(Brief descriptive captions)
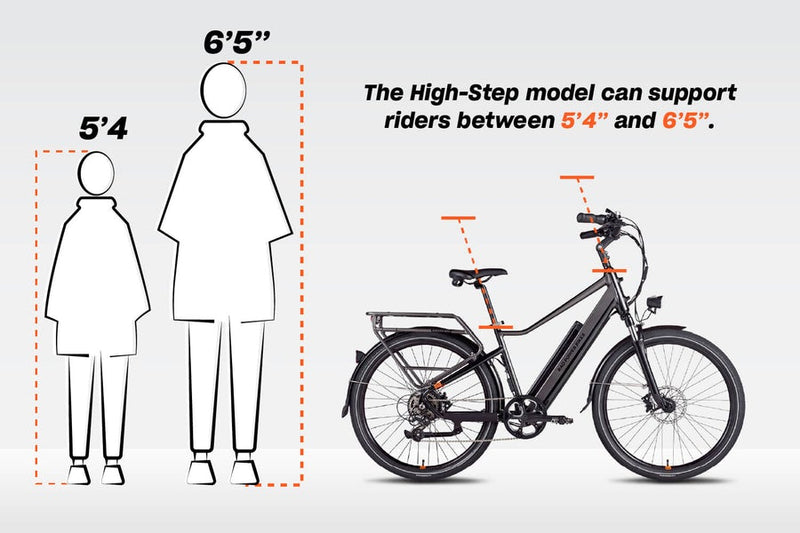 RadCity™ 5 Plus High-Step Electric Commuter Bike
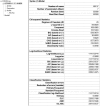 Figure 3. Example model summary output from Latent GOLD.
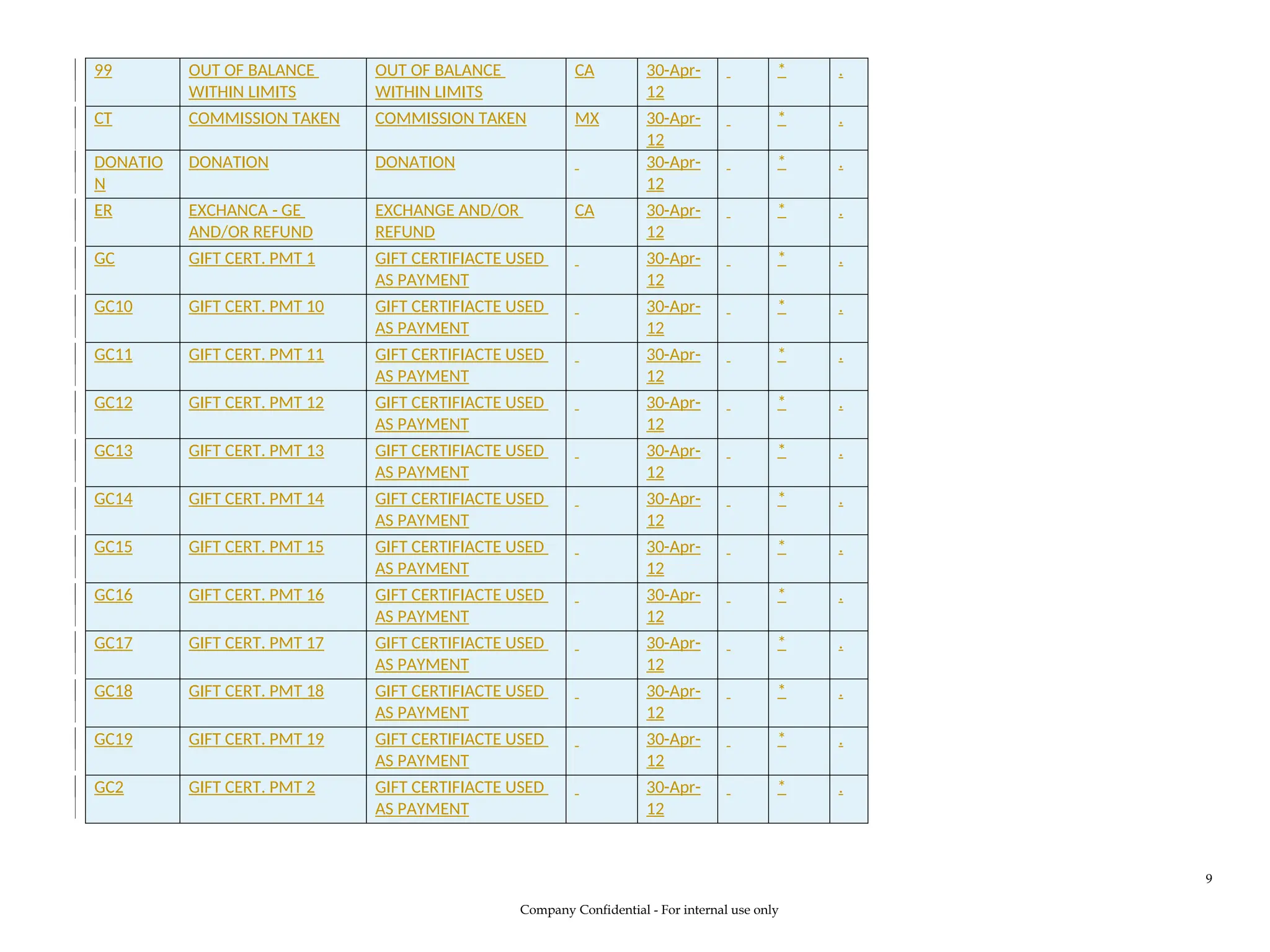99 OUT OF BALANCE
WITHIN LIMITS
OUT OF BALANCE
WITHIN LIMITS
CA 30-Apr-
12
* .
CT COMMISSION TAKEN COMMISSION TAKEN MX 30-Apr-
12
* .
DONATIO
N
DONATION DONATION 30-Apr-
12
* .
ER EXCHANCA - GE
AND/OR REFUND
EXCHANGE AND/OR
REFUND
CA 30-Apr-
12
* .
GC GIFT CERT. PMT 1 GIFT CERTIFIACTE USED
AS PAYMENT
30-Apr-
12
* .
GC10 GIFT CERT. PMT 10 GIFT CERTIFIACTE USED
AS PAYMENT
30-Apr-
12
* .
GC11 GIFT CERT. PMT 11 GIFT CERTIFIACTE USED
AS PAYMENT
30-Apr-
12
* .
GC12 GIFT CERT. PMT 12 GIFT CERTIFIACTE USED
AS PAYMENT
30-Apr-
12
* .
GC13 GIFT CERT. PMT 13 GIFT CERTIFIACTE USED
AS PAYMENT
30-Apr-
12
* .
GC14 GIFT CERT. PMT 14 GIFT CERTIFIACTE USED
AS PAYMENT
30-Apr-
12
* .
GC15 GIFT CERT. PMT 15 GIFT CERTIFIACTE USED
AS PAYMENT
30-Apr-
12
* .
GC16 GIFT CERT. PMT 16 GIFT CERTIFIACTE USED
AS PAYMENT
30-Apr-
12
* .
GC17 GIFT CERT. PMT 17 GIFT CERTIFIACTE USED
AS PAYMENT
30-Apr-
12
* .
GC18 GIFT CERT. PMT 18 GIFT CERTIFIACTE USED
AS PAYMENT
30-Apr-
12
* .
GC19 GIFT CERT. PMT 19 GIFT CERTIFIACTE USED
AS PAYMENT
30-Apr-
12
* .
GC2 GIFT CERT. PMT 2 GIFT CERTIFIACTE USED
AS PAYMENT
30-Apr-
12
* .
Company Confidential - For internal use only
9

*Task:*
Every line above should be printed again word for word, without its pictures.

*Exercise answer:*
 RadCity™ 5 Plus High-Step Electric Commuter Bike
 Figure 3. Example model summary output from Latent GOLD.
99 OUT OF BALANCE
WITHIN LIMITS
OUT OF BALANCE
WITHIN LIMITS
CA 30-Apr-
12
* .
CT COMMISSION TAKEN COMMISSION TAKEN MX 30-Apr-
12
* .
DONATIO
N
DONATION DONATION 30-Apr-
12
* .
ER EXCHANCA - GE
AND/OR REFUND
EXCHANGE AND/OR
REFUND
CA 30-Apr-
12
* .
GC GIFT CERT. PMT 1 GIFT CERTIFIACTE USED
AS PAYMENT
30-Apr-
12
* .
GC10 GIFT CERT. PMT 10 GIFT CERTIFIACTE USED
AS PAYMENT
30-Apr-
12
* .
GC11 GIFT CERT. PMT 11 GIFT CERTIFIACTE USED
AS PAYMENT
30-Apr-
12
* .
GC12 GIFT CERT. PMT 12 GIFT CERTIFIACTE USED
AS PAYMENT
30-Apr-
12
* .
GC13 GIFT CERT. PMT 13 GIFT CERTIFIACTE USED
AS PAYMENT
30-Apr-
12
* .
GC14 GIFT CERT. PMT 14 GIFT CERTIFIACTE USED
AS PAYMENT
30-Apr-
12
* .
GC15 GIFT CERT. PMT 15 GIFT CERTIFIACTE USED
AS PAYMENT
30-Apr-
12
* .
GC16 GIFT CERT. PMT 16 GIFT CERTIFIACTE USED
AS PAYMENT
30-Apr-
12
* .
GC17 GIFT CERT. PMT 17 GIFT CERTIFIACTE USED
AS PAYMENT
30-Apr-
12
* .
GC18 GIFT CERT. PMT 18 GIFT CERTIFIACTE USED
AS PAYMENT
30-Apr-
12
* .
GC19 GIFT CERT. PMT 19 GIFT CERTIFIACTE USED
AS PAYMENT
30-Apr-
12
* .
GC2 GIFT CERT. PMT 2 GIFT CERTIFIACTE USED
AS PAYMENT
30-Apr-
12
* .
Company Confidential - For internal use only
9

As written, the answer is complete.